OPEN A NEWSPAPER, watch television news, or tune in to the latest whinge about 'kids today' from Ray Martin or John Laws, and it becomes obvious that the Australian news media has serious problems with your people, This is more a product of institutional bias produced by the conventions of news-making than the personal vendettas of individual journalists, but nevertheless news and current affairs contructs young people as, at best, 'the next major demographic wave' (1) and, at worst, 'the downfall of the Western world'. (2) Young people have a complex and 'multifaceted' relationship with the media: they are simultaneously consumers, producers and objects of media discourse.
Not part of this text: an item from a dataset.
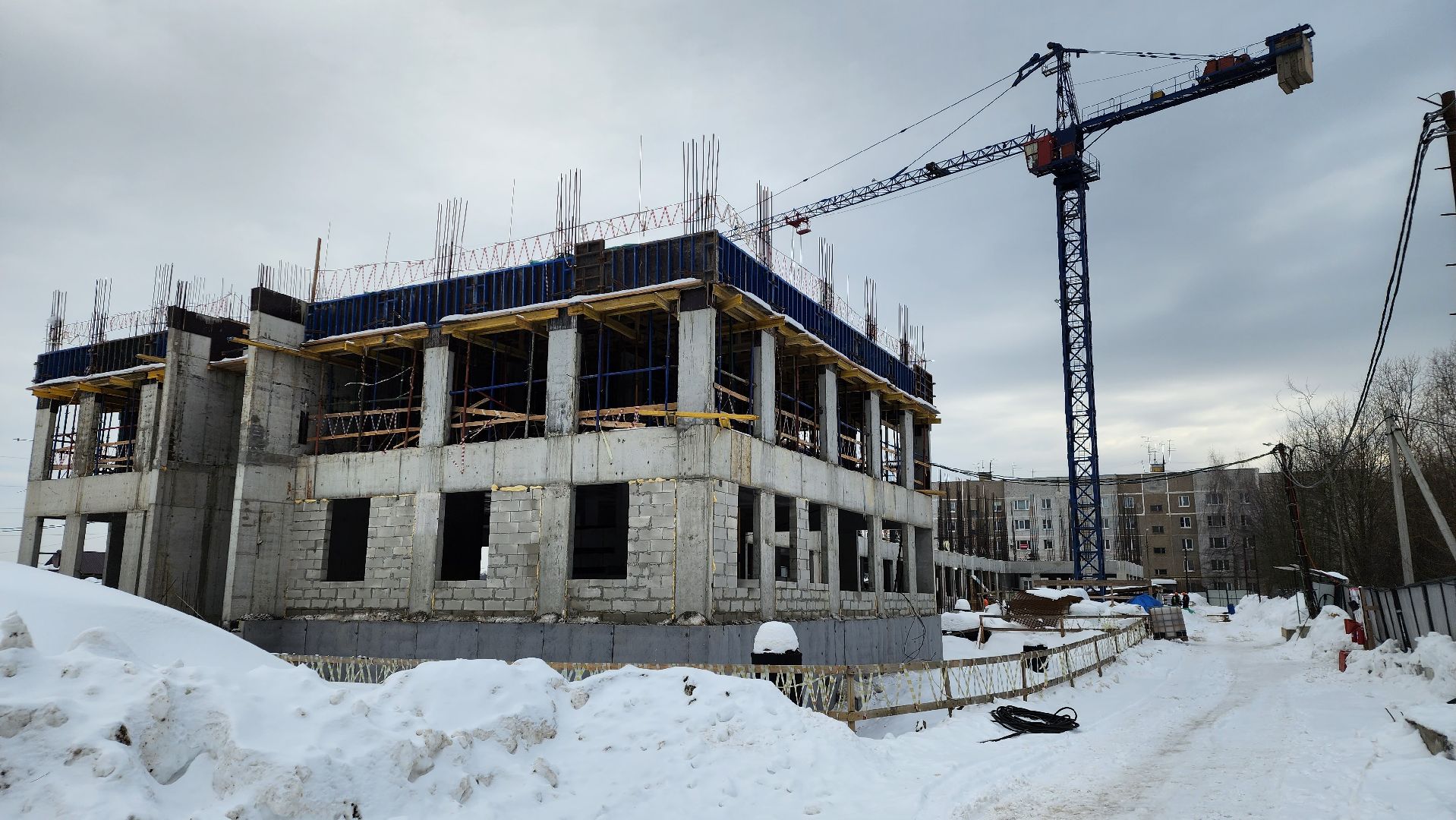 строительство, поликлиника, наша поликлиника, Лосино-Петровский,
The media's representation of youth culture is a significant issue for young people and those working with them, because these representations play an important role in shaping how society understands youth and in determining the policies that impact upon them. (3)

Despite being an obvious concern for anyone who interacts with young people, sustained contemporary analysis of how young Australians are stereotyped by the news media is rare. Judith Bessant's and Richard Hil's, Youth Crime and the Media (4) and Mark Davis's Gangland (5) are exceptions; however, youth culture is constantly evolving. While many of the frameworks that journalists use to describe and analyse young people are as old as newspapers themselves, the increasingly subtle and complex methods used to frame youth in the news media, and the ideological implications of these, need to be addressed. This article explores how young people and youth culture are constructed by the news media in the early twenty-first century. It explores how young people's ambiguous and marginal social positioning manifests itself in journalistic discourse, both in Australia and internationally, and discusses contemporary trends in this coverage. One of the most disturbing signs in the news media's treatment of young people is the increasingly negative coverage this group of citizens receives and the potential impact this has, not only on the way older generations view youth, but on how young people view themselves.

Youth, the news media and binarism

Youth is a 'loaded', (6) 'scandalous' or 'dirty' (7) cultural category because it defies clear-cut binary oppositions, occupying an ambiguous space between 'childhood' and 'adulthood'. (8) Indeed, the notion of the teenager transgresses several 'of the most general, naturalised, and common-sense' social categories. (9) Youth signifies a period of adjustment from child to adult roles, transition from emotional dependence to independence, from puberty to sexual maturity and from childhood irresponsibility to the responsibility of adulthood. (10)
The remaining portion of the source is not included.